» DATA EXTRACTS:
Start of Block

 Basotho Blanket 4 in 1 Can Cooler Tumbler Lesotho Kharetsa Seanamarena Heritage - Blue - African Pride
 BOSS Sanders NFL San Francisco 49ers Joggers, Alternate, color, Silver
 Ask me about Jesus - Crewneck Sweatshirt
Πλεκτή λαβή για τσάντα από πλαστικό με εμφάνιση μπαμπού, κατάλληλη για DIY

End of Block
Start of Block

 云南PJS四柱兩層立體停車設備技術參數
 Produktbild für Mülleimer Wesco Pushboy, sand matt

End of Block
Start of Block

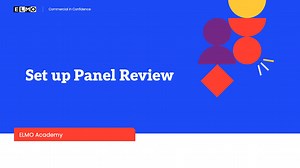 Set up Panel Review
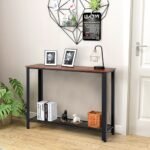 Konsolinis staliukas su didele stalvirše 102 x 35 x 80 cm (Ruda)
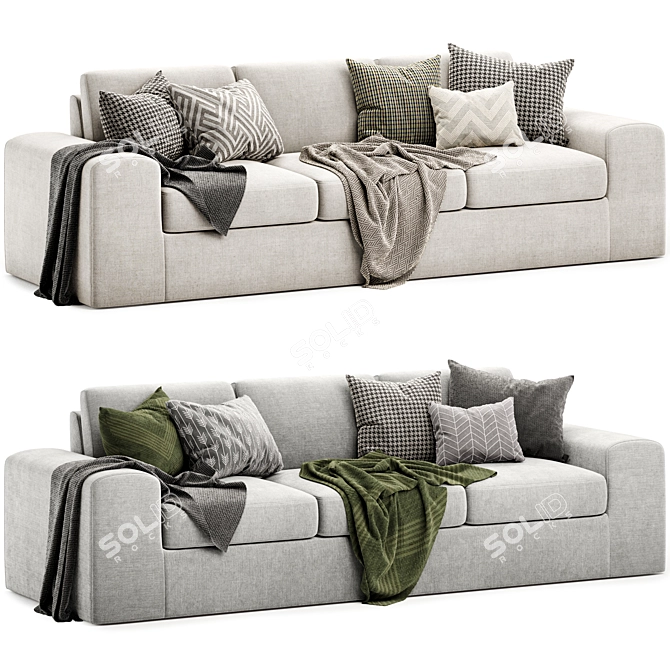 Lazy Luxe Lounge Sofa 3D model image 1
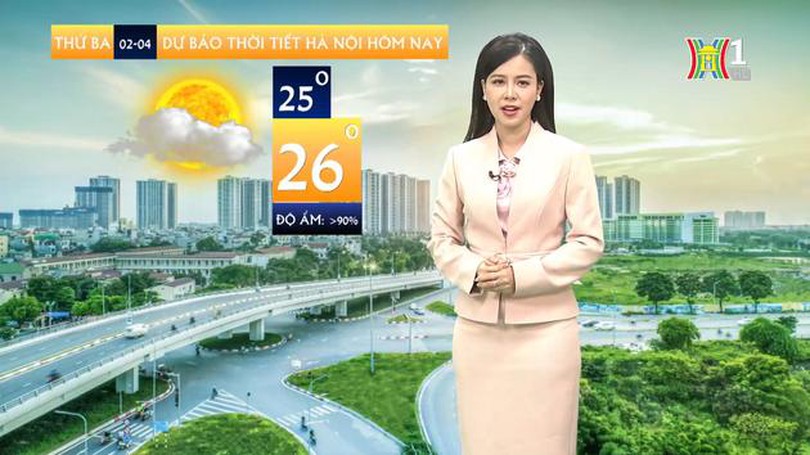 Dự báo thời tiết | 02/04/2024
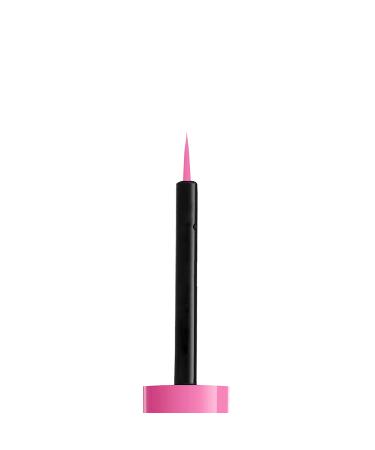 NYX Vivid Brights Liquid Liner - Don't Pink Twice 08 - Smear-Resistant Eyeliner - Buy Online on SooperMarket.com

End of Block

» WHAT TO PRODUCE: Using the data above, transcribe exactly the lines between those containing "Set up Panel Review" and "Dự báo thời tiết | 02/04/2024", inclusive, and leave every picture behind.

» YOUR RESPONSE:
 Set up Panel Review
 Konsolinis staliukas su didele stalvirše 102 x 35 x 80 cm (Ruda)
 Lazy Luxe Lounge Sofa 3D model image 1
 Dự báo thời tiết | 02/04/2024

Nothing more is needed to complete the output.